• [WORK INSTRUCTIONS]
From the line containing "tatacliq.com Urban Space" down to the line containing "siglo 21 Resultados", copy out the entries below exactly, both lines included, and nothing else; pictures do not belong in the copy.

··· INPUT DATA ···

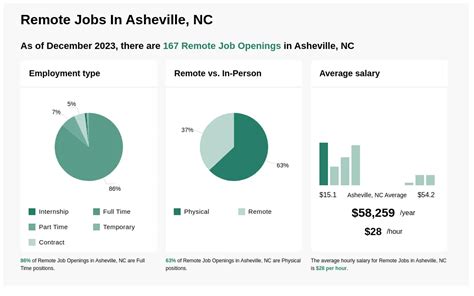 Remote jobs asheville. Things To Know About Remote jobs asheville. 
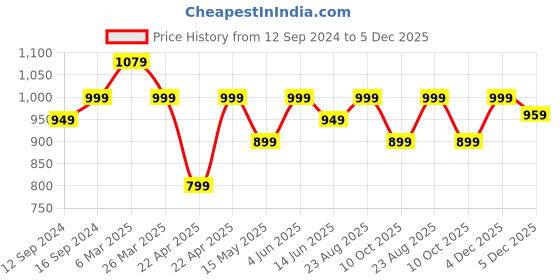 tatacliq.com Urban Space Grey & Peach Cotton 200 TC Double Bedsheet with 2 Pillow Covers urban space Price History Graph from 12 Sep 2024 to 5 Dec 2025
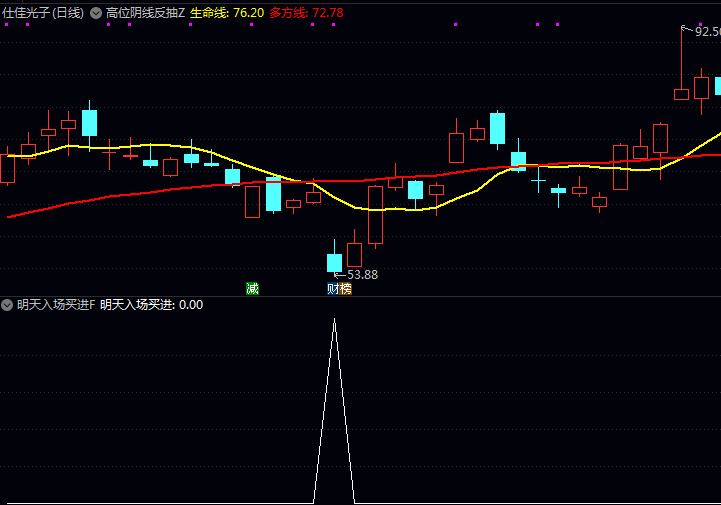 捕捉低位突破信号:〖明天入场买进〗副图与选股指标,调整后市场活跃度重新开始增强转折点!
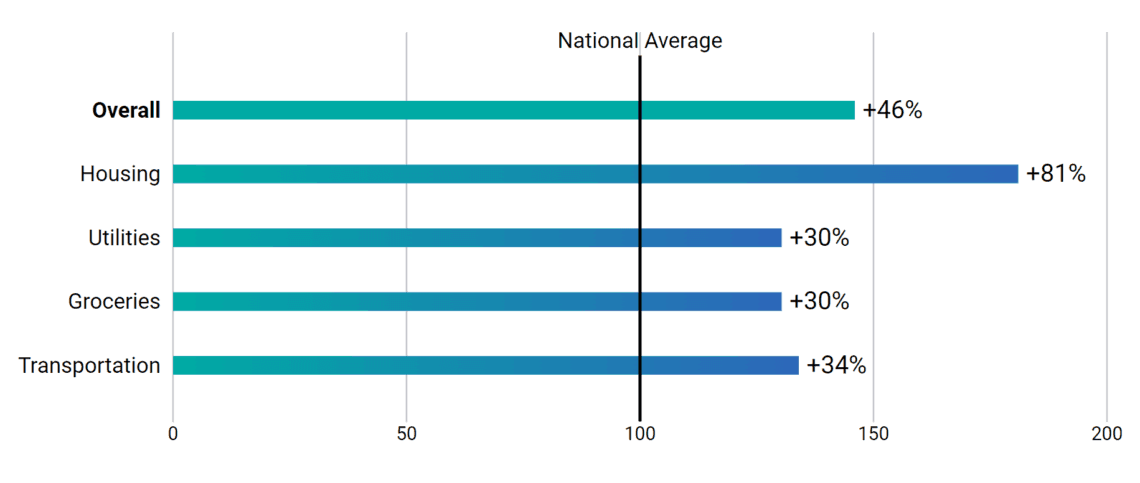 2024 Cost of Living in Brentwood, California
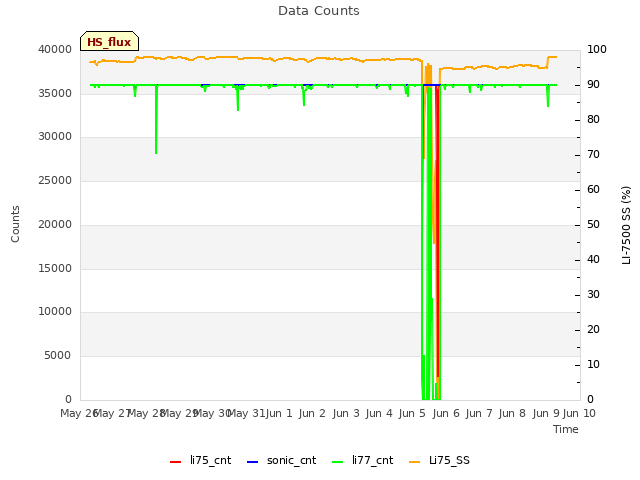 plot of Data Counts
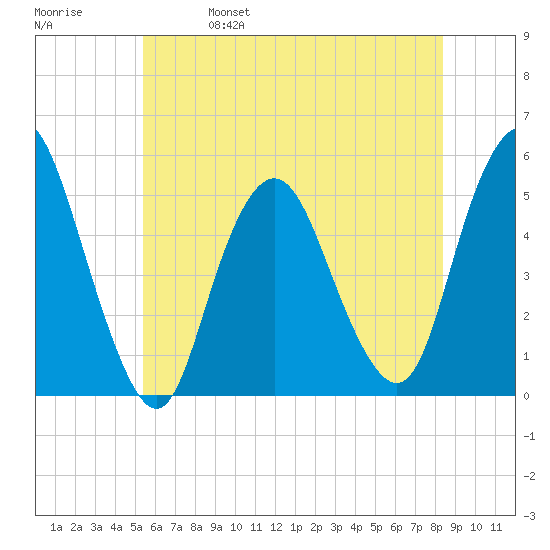 Norton Point tide chart for Wednesday, June 7, 2023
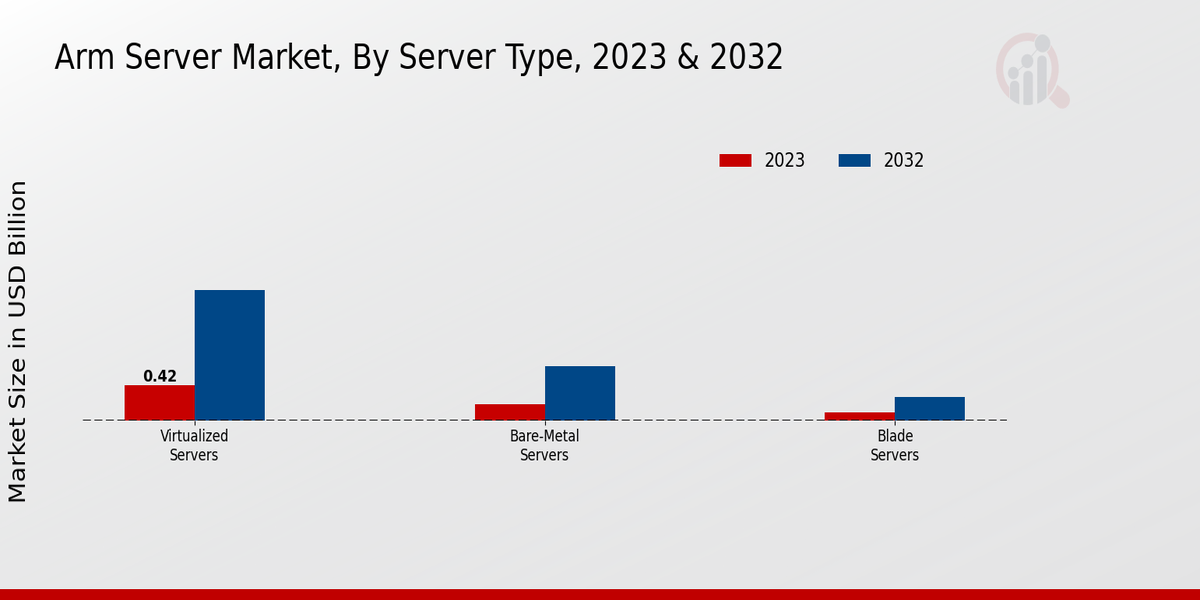 Arm Server Market Segment Insights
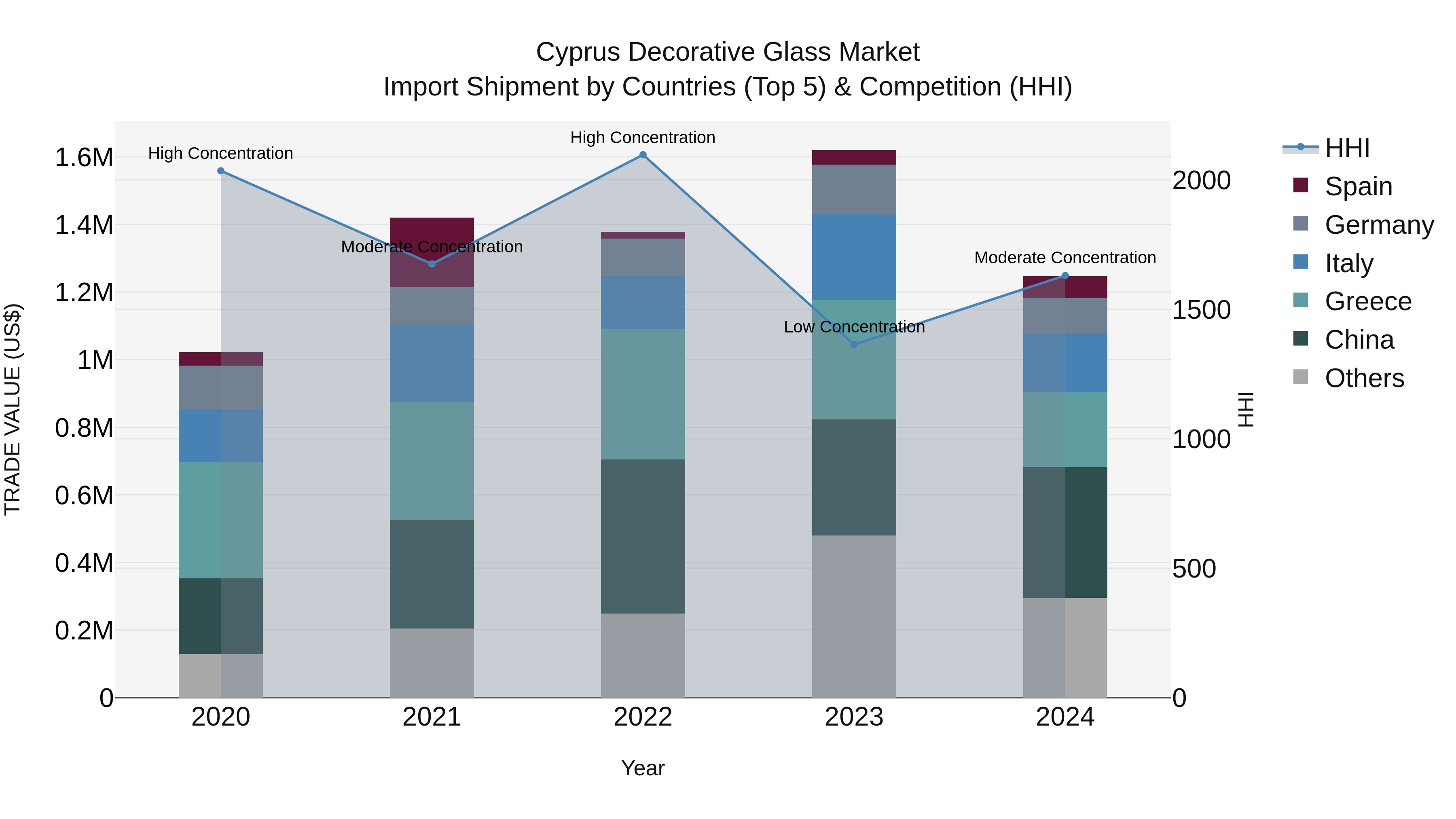 Cyprus Decorative Glass Market Import Shipment by Countries (Top 5) & Competition (HHI)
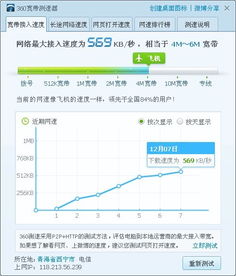 4兆网络迅雷下载速度只有100多有时候只有几十甚至小于1，怎么会这样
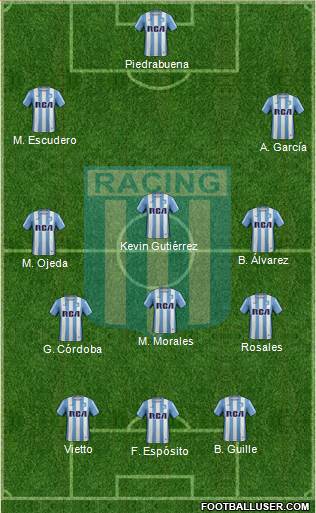 Racing Club Formation 2017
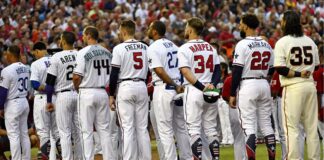 Resultados del Juego de las Estrellas de la MLB en el siglo 21 Resultados del Juego de las Estrellas de la MLB en el siglo 21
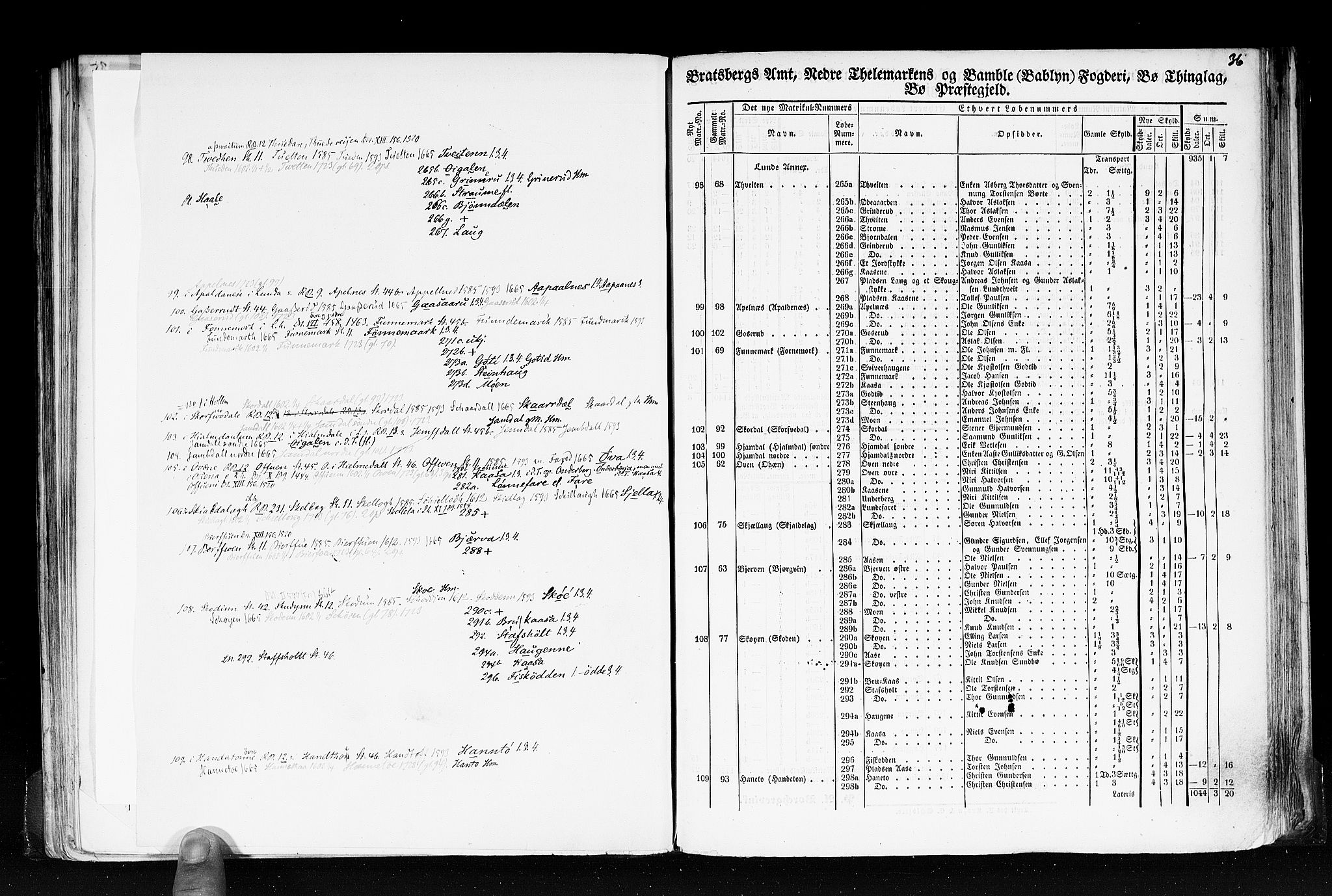 Rygh, RA/PA-0034/F/Fb/L0007: Matrikkelen for 1838 - Bratsberg amt (Telemark fylke), 1838, p. 36a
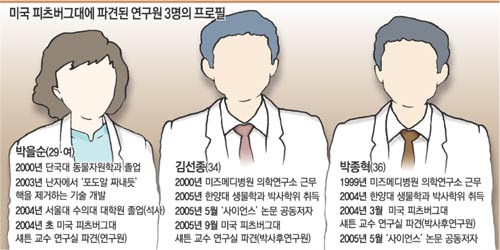 클릭하면 큰 이미지를 볼 수 있습니다.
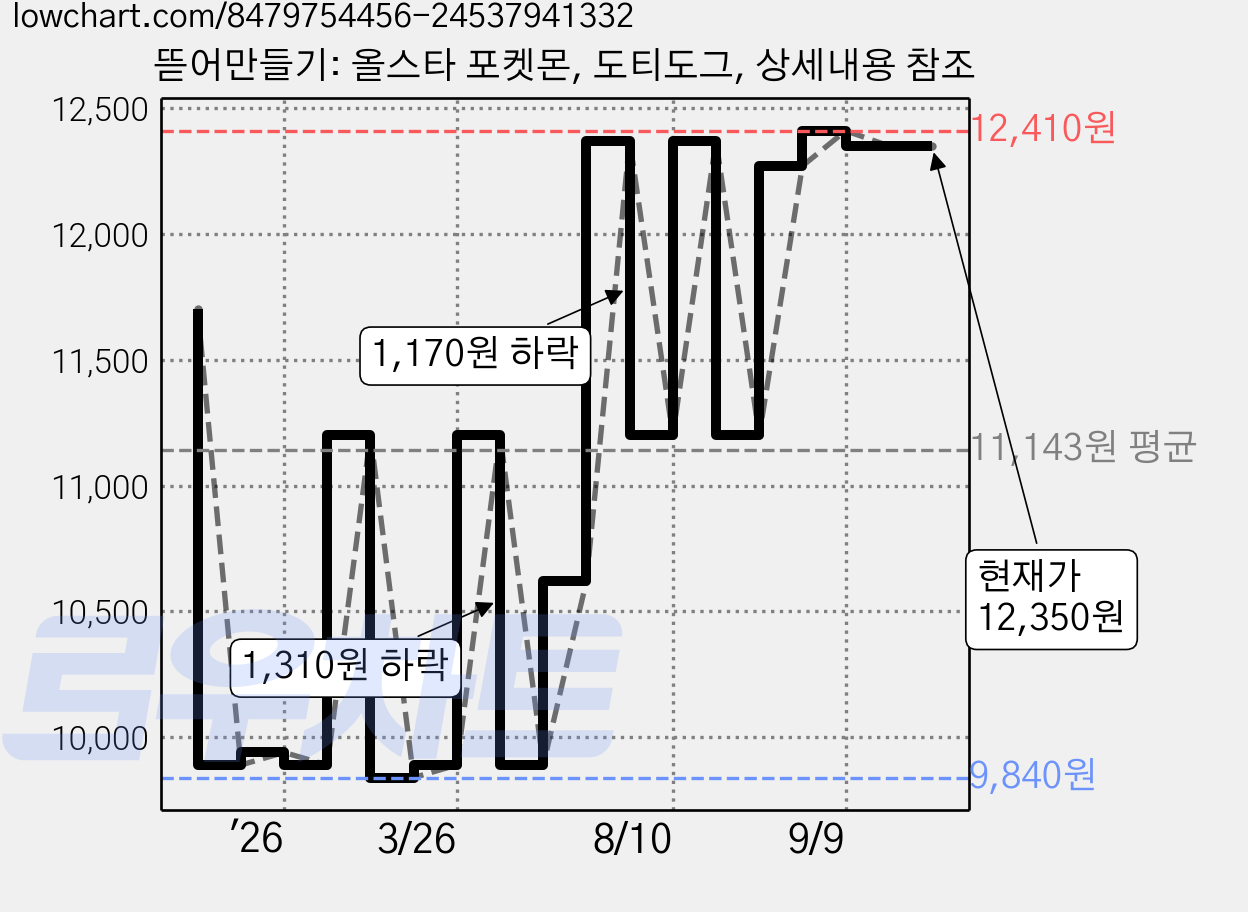 뜯어만들기: 올스타 포켓몬, 도티도그, 상세내용 참조 가격 변동 차트, 현재가 12,350원, 관측 최저가 9,840원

···

• [EXERCISE SOLUTION]
 tatacliq.com Urban Space Grey & Peach Cotton 200 TC Double Bedsheet with 2 Pillow Covers urban space Price History Graph from 12 Sep 2024 to 5 Dec 2025
 捕捉低位突破信号:〖明天入场买进〗副图与选股指标,调整后市场活跃度重新开始增强转折点!
 2024 Cost of Living in Brentwood, California
 plot of Data Counts
 Norton Point tide chart for Wednesday, June 7, 2023
 Arm Server Market Segment Insights
 Cyprus Decorative Glass Market Import Shipment by Countries (Top 5) & Competition (HHI)
 4兆网络迅雷下载速度只有100多有时候只有几十甚至小于1，怎么会这样
 Racing Club Formation 2017
 Resultados del Juego de las Estrellas de la MLB en el siglo 21 Resultados del Juego de las Estrellas de la MLB en el siglo 21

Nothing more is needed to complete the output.